The regulator is calling on organisations to get in touch to highlight the extra help they may need to understand the new code., and said it will spend the next year developing a tailored package of support to help organisations adapt their online products and services before 2 September 2021.

The 15 points on the age The Age Appropriate Design Code are: 

Best interests of the child: The best interests of the child should be a primary consideration when you design and develop online services likely to be accessed by a child.

Data protection impact assessments: Undertake a DPIA to assess and mitigate risks to the rights and freedoms of children who are likely to access your service, which arise from your data processing. Take into account differing ages, capacities and development needs and ensure that your DPIA builds in compliance with this code.

Age appropriate application: Take a risk-based approach to recognising the age of individual users and ensure you effectively apply the standards in this code to child users. Either establish age with a level of certainty that is appropriate to the risks to the rights and freedoms of children that arise from your data processing, or apply the standards in this code to all your users instead.

Transparency: The privacy information you provide to users, and other published terms, policies and community standards, must be concise, prominent and in clear language suited to the age of the child. Provide additional specific ‘bite-sized’ explanations about how you use personal data at the point that use is activated.

Detrimental use of data: Do not use children’s personal data in ways that have been shown to be detrimental to their wellbeing, or that go against industry codes of practice, other regulatory provisions or Government advice.

Policies and community standards: Uphold your own published terms, policies and community standards (including but not limited to privacy policies, age restriction, behaviour rules and content policies).

Default settings: Settings must be ‘high privacy’ by default (unless you can demonstrate a compelling reason for a different default setting, taking account of the best interests of the child).

Data minimisation: Collect and retain only the minimum amount of personal data you need to provide the elements of your service in which a child is actively and knowingly engaged. Give children separate choices over which elements they wish to activate.

Data sharing: Do not disclose children’s data unless you can demonstrate a compelling reason to do so, taking account of the best interests of the child.

Geolocation: Switch geolocation options off by default (unless you can demonstrate a compelling reason for geolocation to be switched on by default, taking account of the best interests of the child).
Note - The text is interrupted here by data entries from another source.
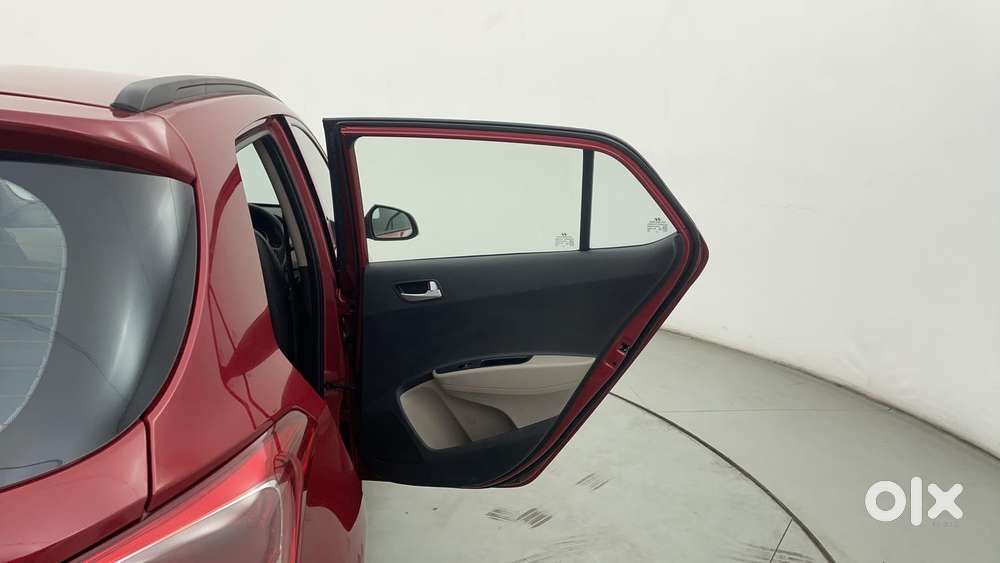 Hyundai Grand I10 1.2 Kappa Sportz Option At, 2017, Petrol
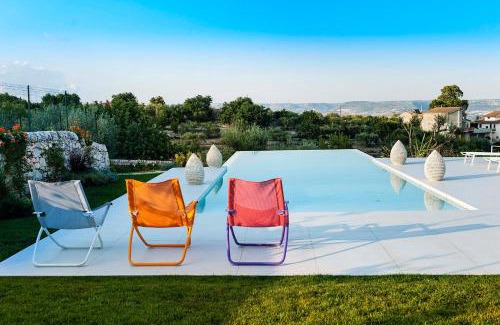 Campanella-Gianforma Villa | Discover Casi o Cantu: Family-Friendly Retreat with Pool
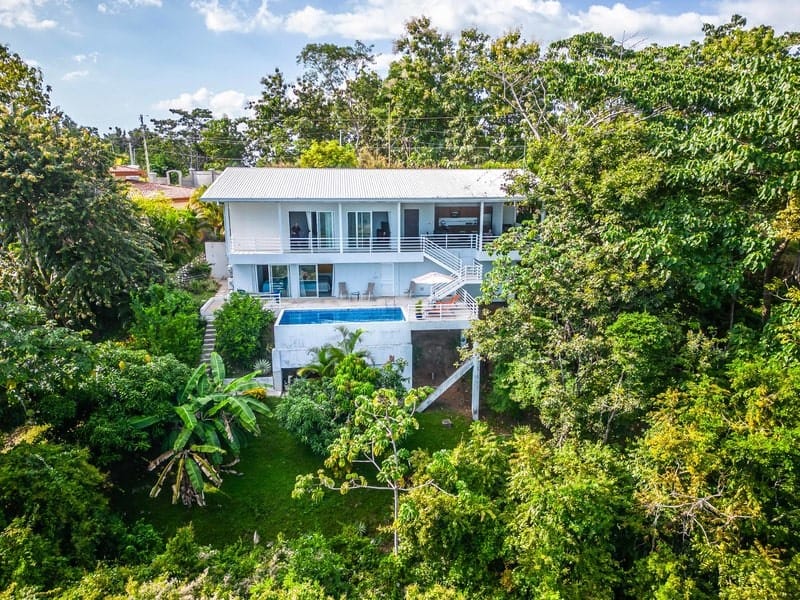 Luxury estate in Playa Carrillo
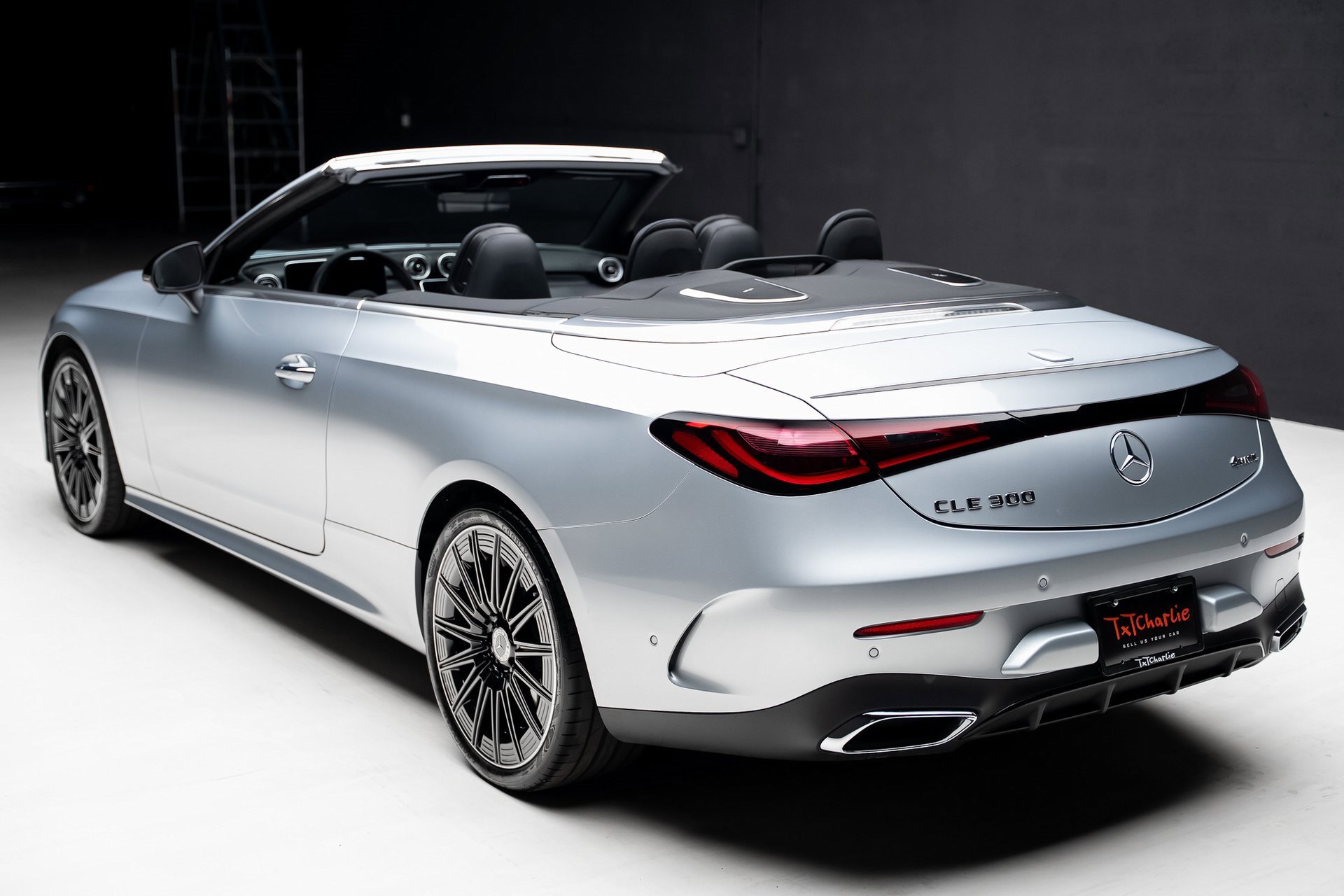 Used 2024 Mercedes-Benz CLE 300 4MATIC Cabriolet image 25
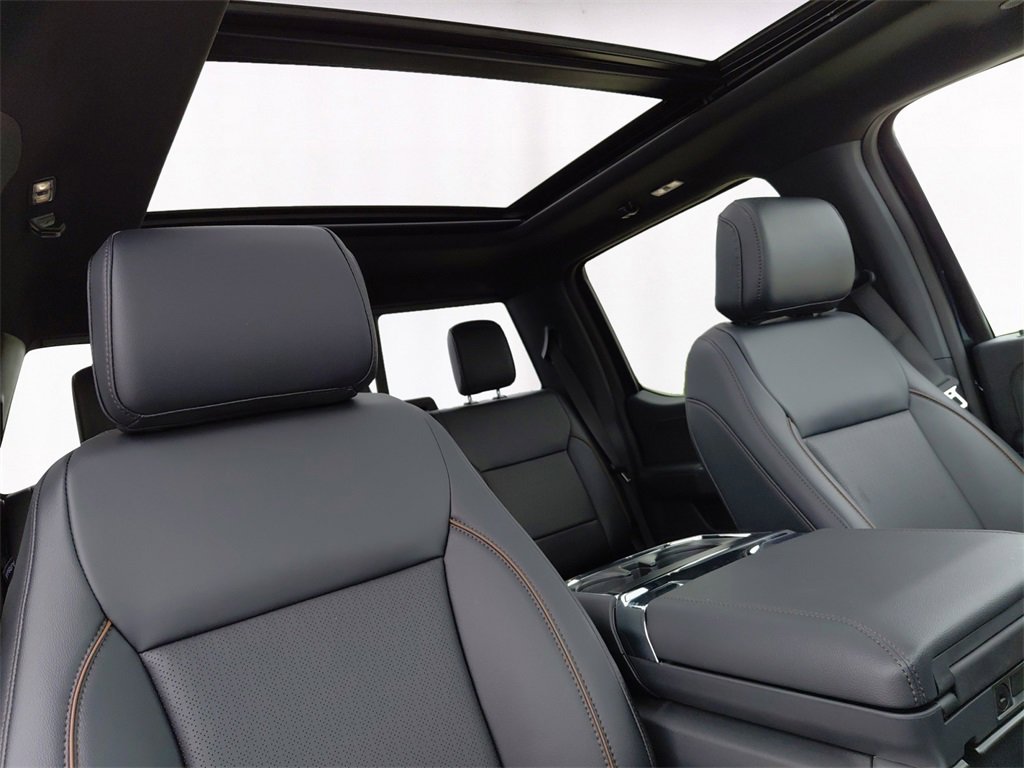 New 2025 Ford F150 Lariat w/ Equipment Group 501A Mid image 15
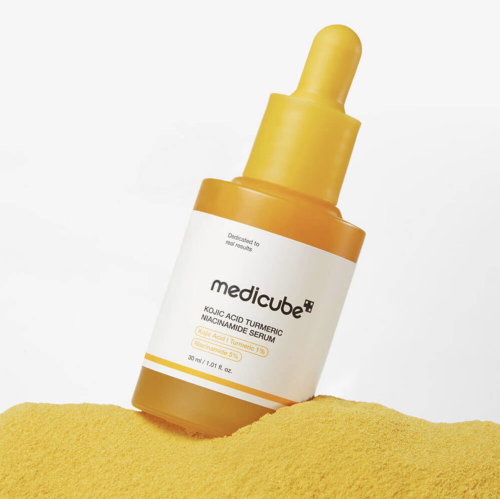 Medicube ���������� ��������� ��� ������ ���� � ������������ � ������� ��������, Kojic Acid Turmeric Niacinamide Serum ���� 2
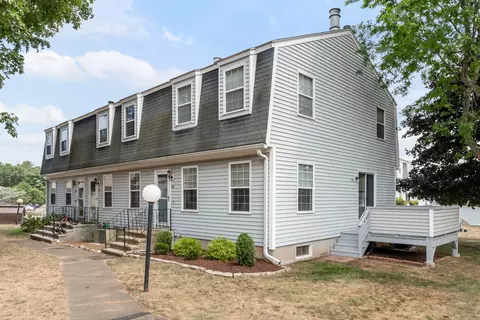 140 Austin Ryer Ln #140, Branford, CT 06405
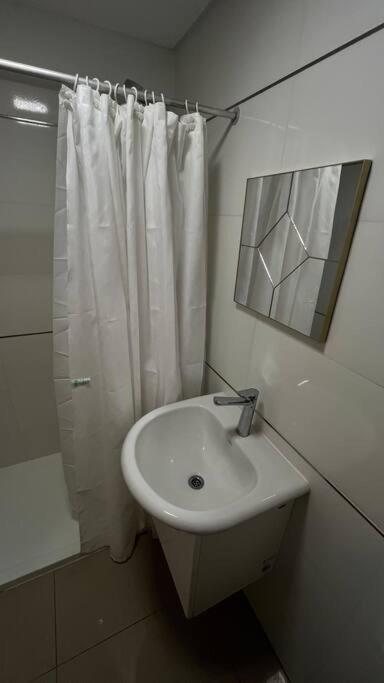 Departamento Confortable y Servicios en Pleno Centro - One-Bedroom Apartment - 22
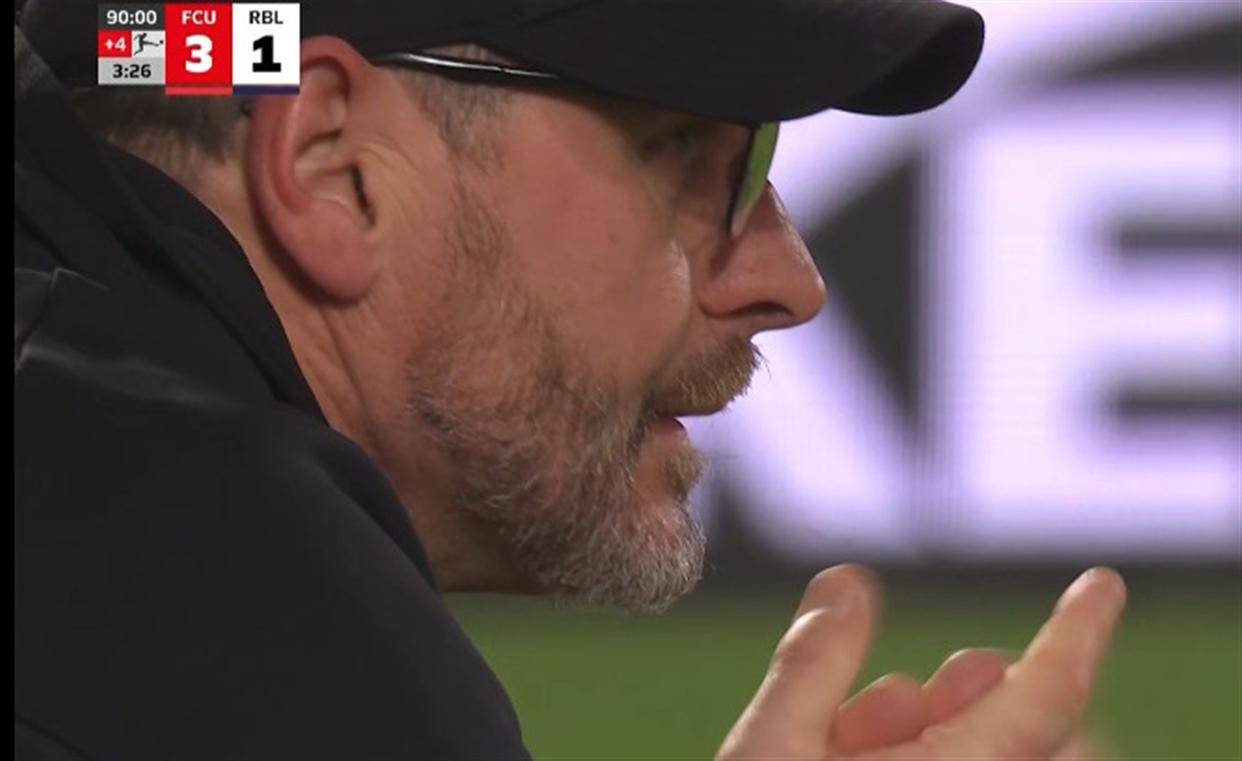 关于荷兰爆冷莱比锡红牛，德容绝境逆转的信息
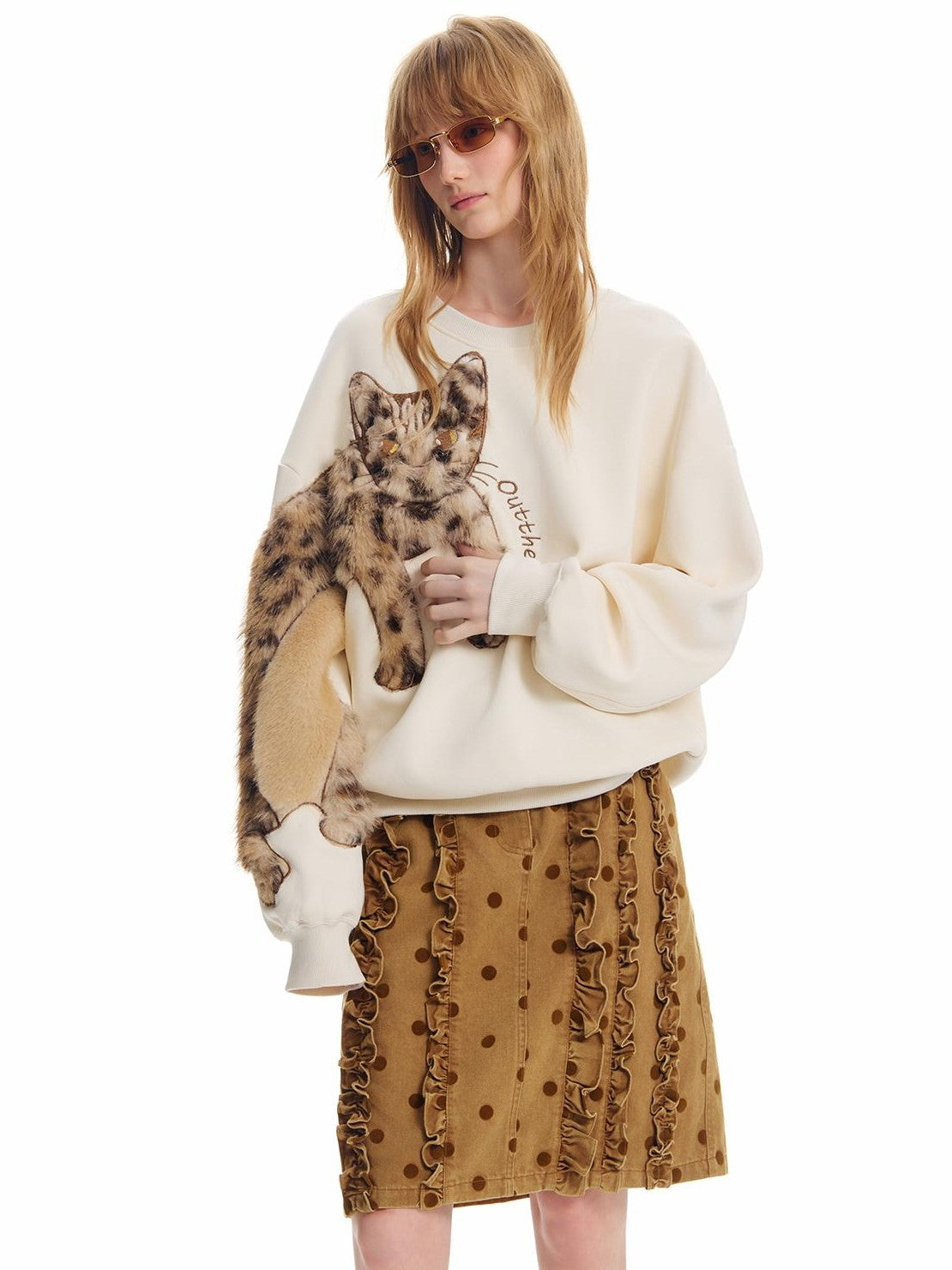 OuttheBlue Leopard Cat Embroidered Fleece Lined Crewneck Women&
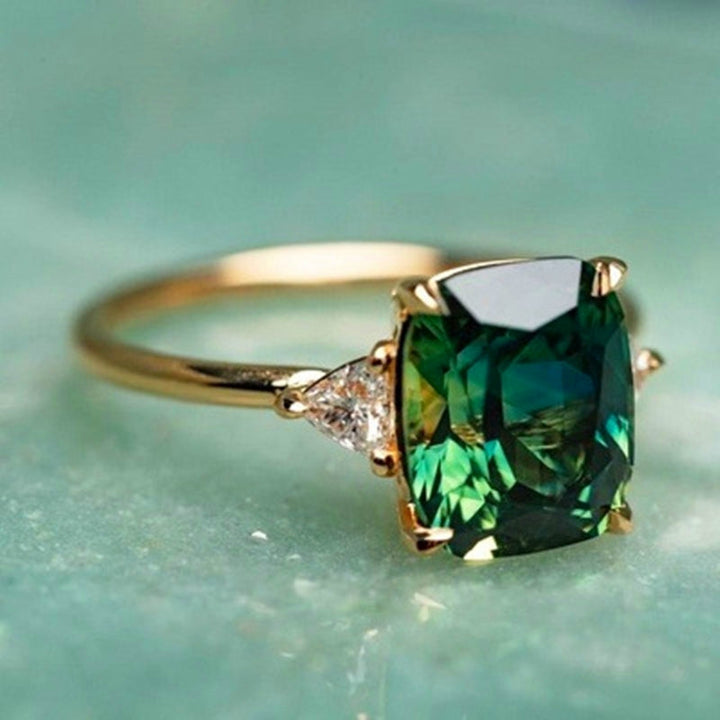 Quinty - Green Crystal Zirconia Ring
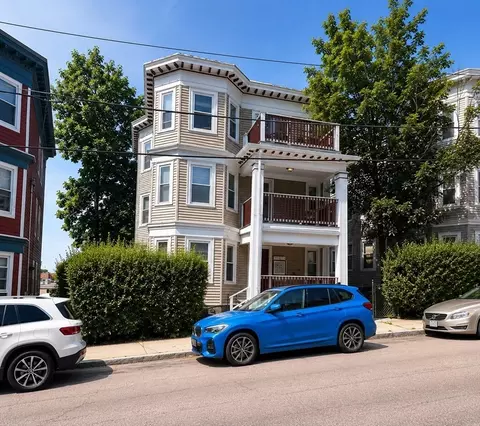 22 Rowell St, Boston, MA 02125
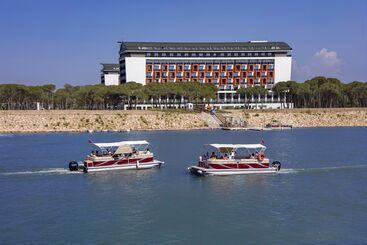 Отель Trendy Lara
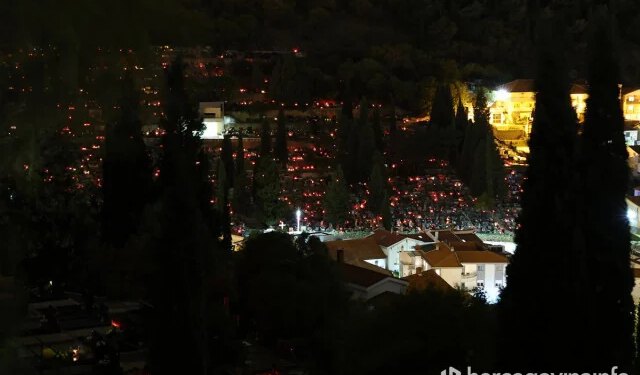 FOTO Večer sjećanja: Noćni prizori s mostarskih groblja uoči Svih svetih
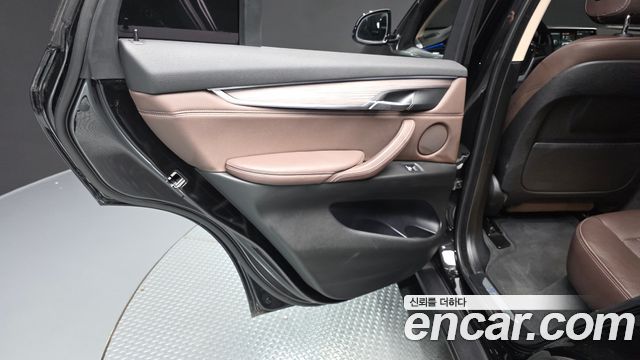 BMW X5 2018 — photo 15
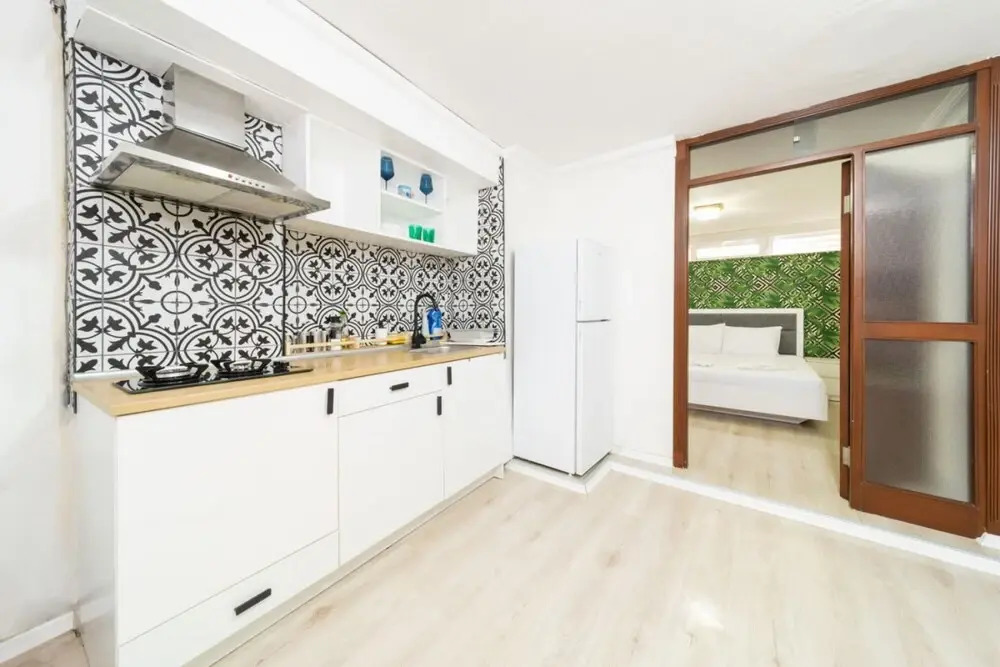 Pleasant House With Private Garden in Kaleici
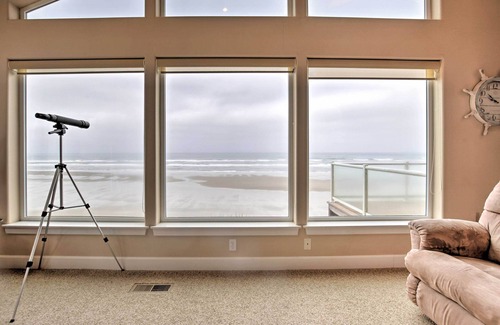 South Beach Cottage | Oceanfront South Beach Home w/Hot Tub & Sauna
Provide an obvious sign for children when location tracking is active. Options which make a child’s location visible to others must default back to ‘off’ at the end of each session.

Parental controls: If you provide parental controls, give the child age appropriate information about this. If your online service allows a parent or carer to monitor their child’s online activity or track their location, provide an obvious sign to the child when they are being monitored.

Profiling: Switch options which use profiling ‘off’ by default (unless you can demonstrate a compelling reason for profiling to be on by default, taking account of the best interests of the child). Only allow profiling if you have appropriate measures in place to protect the child from any harmful effects (in particular, being fed content that is detrimental to their health or wellbeing).

Nudge techniques: Do not use nudge techniques to lead or encourage children to provide unnecessary personal data or weaken or turn off their privacy protections.

Connected toys and devices: If you provide a connected toy or device ensure you include effective tools to enable conformance to this code.

Online tools: Provide prominent and accessible tools to help children exercise their data protection rights and report concerns.